The World Wide Web (or simply Web) started as a tiny collection of several dozen web sites about 20 years ago. Since then, the number of Web pages grew tremendously and became quite segregated. There is a well-lit part of it, a surface Web, which is indexed by search engines, and there is a so-called deep-web, which is studied only slightly better than the outer deep space.
How many pages are on the surface? According to some of the measurements, there are several dozens of billions pages indexed. Were all of these pages created by humans manually? It is possible, but I doubt it. There are about 100 million books written by humans. Let us assume that a book has 100 pages each of which is published as a separate HTML page. This would give us only 10 billion pages. I think that during the 20 years of the existence of the Web, the number of manually created pages could have hardly surpassed this threshold. Consequently, it is not unreasonable to assume that most of the Web pages were automatically generated, e.g., for spamming purposes (two common generation approaches are: scrapping/mirroring contents from other web sites and generating gibberish text algorithmically).

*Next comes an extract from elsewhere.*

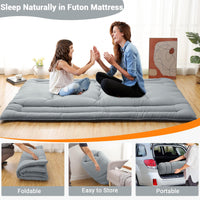 Garvee Futon Mattress Full Size, Foldable Sleeping Mattress Tatami Mattress for Adults, Roll Up Japanese Style Floor Bed Dormitory Floor Mattress for Rv Travel Camping, Light Grey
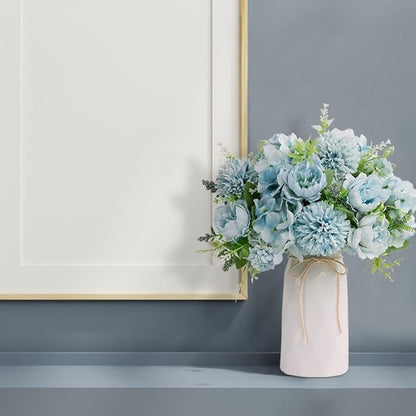 LESING Artificial Peony with Vase Silk Flowers Bouquets Fake Hydrangea Bulks for Home Table Centerpieces Wedding Decoration(Blue-1)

Ok, but what is the size of the deep web? Six years ago, Google announced it knew about a trillion of Web pages. Assuming that the Web doubles each year, the size of the deep Web should be in the dozens of trillions of pages right now. This is supported by a more recent Google announcement: There are at least 60 trillion pages lurking in the depths of the Web!
What constitutes this massive dataset? There are allegations that the Deep Web is used for all kind of illegal activities. Well, there is definitely some illegal activity going on there, but I seriously doubt that humans could have manually created even a tiny fraction of the Deep Web directly. To make this possible, everybody would have to create about 10 thousand Web pages. This would be a tremendous enterprise even if each Web page were just a short status update on Facebook or Twitter. Anyways, most people write status updates probably once a year and not everybody is connected to the Web either.
Therefore, I conclude that the Deep Web should be mostly trash generated by (supposedly) spamming software. Any other thoughts regarding the origin of so many Web pages?